Scraped caption text data —

┌──

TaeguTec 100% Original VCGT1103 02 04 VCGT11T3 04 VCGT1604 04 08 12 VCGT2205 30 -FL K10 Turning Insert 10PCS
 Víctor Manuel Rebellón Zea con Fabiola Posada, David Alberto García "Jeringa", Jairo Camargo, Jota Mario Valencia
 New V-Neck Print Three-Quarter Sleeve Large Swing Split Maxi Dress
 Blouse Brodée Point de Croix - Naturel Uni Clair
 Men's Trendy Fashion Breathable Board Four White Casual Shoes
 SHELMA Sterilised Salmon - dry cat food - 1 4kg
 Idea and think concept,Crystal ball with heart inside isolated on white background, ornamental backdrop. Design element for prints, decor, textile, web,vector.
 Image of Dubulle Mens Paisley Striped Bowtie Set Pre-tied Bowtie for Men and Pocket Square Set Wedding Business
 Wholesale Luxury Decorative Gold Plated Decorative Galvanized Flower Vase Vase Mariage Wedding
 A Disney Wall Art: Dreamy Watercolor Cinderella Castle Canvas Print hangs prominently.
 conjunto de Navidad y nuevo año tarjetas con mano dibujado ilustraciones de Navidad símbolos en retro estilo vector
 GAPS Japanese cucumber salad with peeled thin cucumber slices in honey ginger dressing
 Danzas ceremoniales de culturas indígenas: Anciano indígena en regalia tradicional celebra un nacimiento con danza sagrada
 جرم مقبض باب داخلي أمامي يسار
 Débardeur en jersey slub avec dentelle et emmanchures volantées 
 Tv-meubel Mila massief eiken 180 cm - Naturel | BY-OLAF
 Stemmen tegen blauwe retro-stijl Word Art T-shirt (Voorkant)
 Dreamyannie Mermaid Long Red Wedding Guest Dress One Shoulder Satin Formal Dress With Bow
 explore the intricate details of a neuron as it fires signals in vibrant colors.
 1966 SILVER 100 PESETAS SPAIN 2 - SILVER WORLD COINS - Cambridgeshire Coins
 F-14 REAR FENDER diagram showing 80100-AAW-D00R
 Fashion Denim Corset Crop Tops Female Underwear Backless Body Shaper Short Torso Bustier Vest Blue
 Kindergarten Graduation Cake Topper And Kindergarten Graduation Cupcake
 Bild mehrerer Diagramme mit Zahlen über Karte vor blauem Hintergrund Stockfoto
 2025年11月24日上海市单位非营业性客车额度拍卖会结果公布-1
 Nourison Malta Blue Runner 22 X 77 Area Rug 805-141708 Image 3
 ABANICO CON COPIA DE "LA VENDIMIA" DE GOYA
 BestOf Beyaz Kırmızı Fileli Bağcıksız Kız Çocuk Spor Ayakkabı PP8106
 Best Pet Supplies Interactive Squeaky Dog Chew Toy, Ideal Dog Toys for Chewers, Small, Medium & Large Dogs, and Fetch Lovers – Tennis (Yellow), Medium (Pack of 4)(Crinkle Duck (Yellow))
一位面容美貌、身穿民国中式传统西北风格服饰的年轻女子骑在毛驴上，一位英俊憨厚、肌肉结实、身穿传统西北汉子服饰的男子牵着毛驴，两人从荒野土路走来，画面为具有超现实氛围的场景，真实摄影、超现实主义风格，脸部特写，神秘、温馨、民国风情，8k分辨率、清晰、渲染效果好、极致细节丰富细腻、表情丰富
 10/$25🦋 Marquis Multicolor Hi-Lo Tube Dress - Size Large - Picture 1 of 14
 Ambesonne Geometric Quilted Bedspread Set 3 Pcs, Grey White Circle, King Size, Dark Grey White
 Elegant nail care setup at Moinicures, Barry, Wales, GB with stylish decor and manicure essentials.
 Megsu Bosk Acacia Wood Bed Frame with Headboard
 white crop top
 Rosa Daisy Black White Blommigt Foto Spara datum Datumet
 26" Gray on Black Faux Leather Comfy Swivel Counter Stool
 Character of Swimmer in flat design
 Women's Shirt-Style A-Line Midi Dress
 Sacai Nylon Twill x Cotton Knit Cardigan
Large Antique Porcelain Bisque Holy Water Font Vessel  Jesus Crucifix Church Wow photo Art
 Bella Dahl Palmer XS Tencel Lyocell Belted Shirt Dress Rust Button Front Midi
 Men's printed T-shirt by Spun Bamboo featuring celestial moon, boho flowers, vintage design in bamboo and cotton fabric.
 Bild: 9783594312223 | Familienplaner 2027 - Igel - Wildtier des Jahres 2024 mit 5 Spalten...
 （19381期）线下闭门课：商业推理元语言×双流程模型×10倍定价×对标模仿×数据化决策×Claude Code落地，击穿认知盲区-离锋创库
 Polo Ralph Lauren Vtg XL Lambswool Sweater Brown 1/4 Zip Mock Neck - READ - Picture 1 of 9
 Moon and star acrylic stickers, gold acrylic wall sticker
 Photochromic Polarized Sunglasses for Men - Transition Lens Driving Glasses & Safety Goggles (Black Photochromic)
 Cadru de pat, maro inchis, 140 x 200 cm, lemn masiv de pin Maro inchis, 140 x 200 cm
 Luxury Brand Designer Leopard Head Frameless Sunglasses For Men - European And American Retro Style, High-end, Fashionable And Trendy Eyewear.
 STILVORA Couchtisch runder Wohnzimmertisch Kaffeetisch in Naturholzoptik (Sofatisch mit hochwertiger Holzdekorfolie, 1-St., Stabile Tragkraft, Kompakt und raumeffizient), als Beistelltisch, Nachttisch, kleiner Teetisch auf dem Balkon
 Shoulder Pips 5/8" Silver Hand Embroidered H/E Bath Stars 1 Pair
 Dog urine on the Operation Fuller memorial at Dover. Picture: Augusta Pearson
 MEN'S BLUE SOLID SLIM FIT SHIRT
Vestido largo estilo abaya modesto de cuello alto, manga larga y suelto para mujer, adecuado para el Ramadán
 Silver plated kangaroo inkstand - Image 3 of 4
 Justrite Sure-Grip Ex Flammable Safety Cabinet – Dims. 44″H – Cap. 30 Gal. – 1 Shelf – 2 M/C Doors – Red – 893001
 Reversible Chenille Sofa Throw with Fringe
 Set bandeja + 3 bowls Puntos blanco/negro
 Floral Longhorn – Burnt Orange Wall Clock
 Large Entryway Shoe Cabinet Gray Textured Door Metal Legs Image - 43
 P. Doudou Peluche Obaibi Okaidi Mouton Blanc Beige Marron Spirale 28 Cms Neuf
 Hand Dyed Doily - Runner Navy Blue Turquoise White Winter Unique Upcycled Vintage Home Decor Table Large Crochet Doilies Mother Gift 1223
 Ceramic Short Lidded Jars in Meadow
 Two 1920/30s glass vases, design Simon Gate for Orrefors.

└──

ABOUT THIS EXERCISE — Please reproduce the records above in their entirety, exactly as given.

RESPONSE —
TaeguTec 100% Original VCGT1103 02 04 VCGT11T3 04 VCGT1604 04 08 12 VCGT2205 30 -FL K10 Turning Insert 10PCS
 Víctor Manuel Rebellón Zea con Fabiola Posada, David Alberto García "Jeringa", Jairo Camargo, Jota Mario Valencia
 New V-Neck Print Three-Quarter Sleeve Large Swing Split Maxi Dress
 Blouse Brodée Point de Croix - Naturel Uni Clair
 Men's Trendy Fashion Breathable Board Four White Casual Shoes
 SHELMA Sterilised Salmon - dry cat food - 1 4kg
 Idea and think concept,Crystal ball with heart inside isolated on white background, ornamental backdrop. Design element for prints, decor, textile, web,vector.
 Image of Dubulle Mens Paisley Striped Bowtie Set Pre-tied Bowtie for Men and Pocket Square Set Wedding Business
 Wholesale Luxury Decorative Gold Plated Decorative Galvanized Flower Vase Vase Mariage Wedding
 A Disney Wall Art: Dreamy Watercolor Cinderella Castle Canvas Print hangs prominently.
 conjunto de Navidad y nuevo año tarjetas con mano dibujado ilustraciones de Navidad símbolos en retro estilo vector
 GAPS Japanese cucumber salad with peeled thin cucumber slices in honey ginger dressing
 Danzas ceremoniales de culturas indígenas: Anciano indígena en regalia tradicional celebra un nacimiento con danza sagrada
 جرم مقبض باب داخلي أمامي يسار
 Débardeur en jersey slub avec dentelle et emmanchures volantées 
 Tv-meubel Mila massief eiken 180 cm - Naturel | BY-OLAF
 Stemmen tegen blauwe retro-stijl Word Art T-shirt (Voorkant)
 Dreamyannie Mermaid Long Red Wedding Guest Dress One Shoulder Satin Formal Dress With Bow
 explore the intricate details of a neuron as it fires signals in vibrant colors.
 1966 SILVER 100 PESETAS SPAIN 2 - SILVER WORLD COINS - Cambridgeshire Coins
 F-14 REAR FENDER diagram showing 80100-AAW-D00R
 Fashion Denim Corset Crop Tops Female Underwear Backless Body Shaper Short Torso Bustier Vest Blue
 Kindergarten Graduation Cake Topper And Kindergarten Graduation Cupcake
 Bild mehrerer Diagramme mit Zahlen über Karte vor blauem Hintergrund Stockfoto
 2025年11月24日上海市单位非营业性客车额度拍卖会结果公布-1
 Nourison Malta Blue Runner 22 X 77 Area Rug 805-141708 Image 3
 ABANICO CON COPIA DE "LA VENDIMIA" DE GOYA
 BestOf Beyaz Kırmızı Fileli Bağcıksız Kız Çocuk Spor Ayakkabı PP8106
 Best Pet Supplies Interactive Squeaky Dog Chew Toy, Ideal Dog Toys for Chewers, Small, Medium & Large Dogs, and Fetch Lovers – Tennis (Yellow), Medium (Pack of 4)(Crinkle Duck (Yellow))
一位面容美貌、身穿民国中式传统西北风格服饰的年轻女子骑在毛驴上，一位英俊憨厚、肌肉结实、身穿传统西北汉子服饰的男子牵着毛驴，两人从荒野土路走来，画面为具有超现实氛围的场景，真实摄影、超现实主义风格，脸部特写，神秘、温馨、民国风情，8k分辨率、清晰、渲染效果好、极致细节丰富细腻、表情丰富
 10/$25🦋 Marquis Multicolor Hi-Lo Tube Dress - Size Large - Picture 1 of 14
 Ambesonne Geometric Quilted Bedspread Set 3 Pcs, Grey White Circle, King Size, Dark Grey White
 Elegant nail care setup at Moinicures, Barry, Wales, GB with stylish decor and manicure essentials.
 Megsu Bosk Acacia Wood Bed Frame with Headboard
 white crop top
 Rosa Daisy Black White Blommigt Foto Spara datum Datumet
 26" Gray on Black Faux Leather Comfy Swivel Counter Stool
 Character of Swimmer in flat design
 Women's Shirt-Style A-Line Midi Dress
 Sacai Nylon Twill x Cotton Knit Cardigan
Large Antique Porcelain Bisque Holy Water Font Vessel  Jesus Crucifix Church Wow photo Art
 Bella Dahl Palmer XS Tencel Lyocell Belted Shirt Dress Rust Button Front Midi
 Men's printed T-shirt by Spun Bamboo featuring celestial moon, boho flowers, vintage design in bamboo and cotton fabric.
 Bild: 9783594312223 | Familienplaner 2027 - Igel - Wildtier des Jahres 2024 mit 5 Spalten...
 （19381期）线下闭门课：商业推理元语言×双流程模型×10倍定价×对标模仿×数据化决策×Claude Code落地，击穿认知盲区-离锋创库
 Polo Ralph Lauren Vtg XL Lambswool Sweater Brown 1/4 Zip Mock Neck - READ - Picture 1 of 9
 Moon and star acrylic stickers, gold acrylic wall sticker
 Photochromic Polarized Sunglasses for Men - Transition Lens Driving Glasses & Safety Goggles (Black Photochromic)
 Cadru de pat, maro inchis, 140 x 200 cm, lemn masiv de pin Maro inchis, 140 x 200 cm
 Luxury Brand Designer Leopard Head Frameless Sunglasses For Men - European And American Retro Style, High-end, Fashionable And Trendy Eyewear.
 STILVORA Couchtisch runder Wohnzimmertisch Kaffeetisch in Naturholzoptik (Sofatisch mit hochwertiger Holzdekorfolie, 1-St., Stabile Tragkraft, Kompakt und raumeffizient), als Beistelltisch, Nachttisch, kleiner Teetisch auf dem Balkon
 Shoulder Pips 5/8" Silver Hand Embroidered H/E Bath Stars 1 Pair
 Dog urine on the Operation Fuller memorial at Dover. Picture: Augusta Pearson
 MEN'S BLUE SOLID SLIM FIT SHIRT
Vestido largo estilo abaya modesto de cuello alto, manga larga y suelto para mujer, adecuado para el Ramadán
 Silver plated kangaroo inkstand - Image 3 of 4
 Justrite Sure-Grip Ex Flammable Safety Cabinet – Dims. 44″H – Cap. 30 Gal. – 1 Shelf – 2 M/C Doors – Red – 893001
 Reversible Chenille Sofa Throw with Fringe
 Set bandeja + 3 bowls Puntos blanco/negro
 Floral Longhorn – Burnt Orange Wall Clock
 Large Entryway Shoe Cabinet Gray Textured Door Metal Legs Image - 43
 P. Doudou Peluche Obaibi Okaidi Mouton Blanc Beige Marron Spirale 28 Cms Neuf
 Hand Dyed Doily - Runner Navy Blue Turquoise White Winter Unique Upcycled Vintage Home Decor Table Large Crochet Doilies Mother Gift 1223
 Ceramic Short Lidded Jars in Meadow
 Two 1920/30s glass vases, design Simon Gate for Orrefors.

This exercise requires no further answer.